# Index calendar spread?



## mjim (28 September 2017)

Does anybody trade Index Futures Calendar spreads (ES SEP-DEC etc
They dont move like commodity spreads except in last few days or hrs of front leg expiary
So how to trade them?
Here is the screen shot for SEP/DEC spread
Experts please advice


----------



## mjim (28 September 2017)

Sorry I just realised that the chart  isn't really valid anymore from the 15th right? Because that's when your Sept future expired and the swing after that is basically the full Dec future on it's own. However durings it's life my Question remains same!


----------



## History Repeats (29 September 2017)

i'm no expert. Few things, 1. IB not ideal for charting spreads, 2. it's better to spread es with ym if you want to do index but do look for other spreads like eurodollar good trending and moves slowly also huge volume 3. swing trade spreads 4. you can get info from cme site on various spreads.

here's one for eurodollar spread


----------



## drequejo (1 October 2017)

mjim said:


> Does anybody trade Index Futures Calendar spreads (ES SEP-DEC etc
> They dont move like commodity spreads except in last few days or hrs of front leg expiary
> So how to trade them?
> Here is the screen shot for SEP/DEC spread
> ...




Hi mjim, I trade time spread, I have a monthly strategy using SPY. When you trade option strategy you need to follow the evolution of the t+0 line by using the expiration graph a very good tool is the TOS platform, you can create a demo a account and start using it.
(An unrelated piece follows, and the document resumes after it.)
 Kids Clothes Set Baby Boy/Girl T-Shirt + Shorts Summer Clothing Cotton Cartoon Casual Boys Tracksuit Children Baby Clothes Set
The only issue is that it has a 20 min delay in the data, whit real accounts the data is real time, but unfortunately TOS(ThinkOrSwim) don't allow Australian to open accounts, you can create a demo account here: 
https://www.thinkorswim.com/t/pm-registration.html


----------



## mjim (9 October 2017)

drequejo said:


> Hi mjim, I trade time spread, I have a monthly strategy using SPY. When you trade option strategy you need to follow the evolution of the t+0 line by using the expiration graph a very good tool is the TOS platform, you can create a demo a account and start using it. The only issue is that it has a 20 min delay in the data, whit real accounts the data is real time, but unfortunately TOS(ThinkOrSwim) don't allow Australian to open accounts, you can create a demo account here:
> https://www.thinkorswim.com/t/pm-registration.html



You are referring to Calnder Option spreads I am referring to Futures to Futures ( SEP/DEC) type of spread


----------



## drequejo (10 October 2017)

mjim said:


> You are referring to Calnder Option spreads I am referring to Futures to Futures ( SEP/DEC) type of spread




I trade ES as well, butterflies, IC and Calendars and use IB for doing the trades and TOS for following the Greece evolution and plan the adjustments.


----------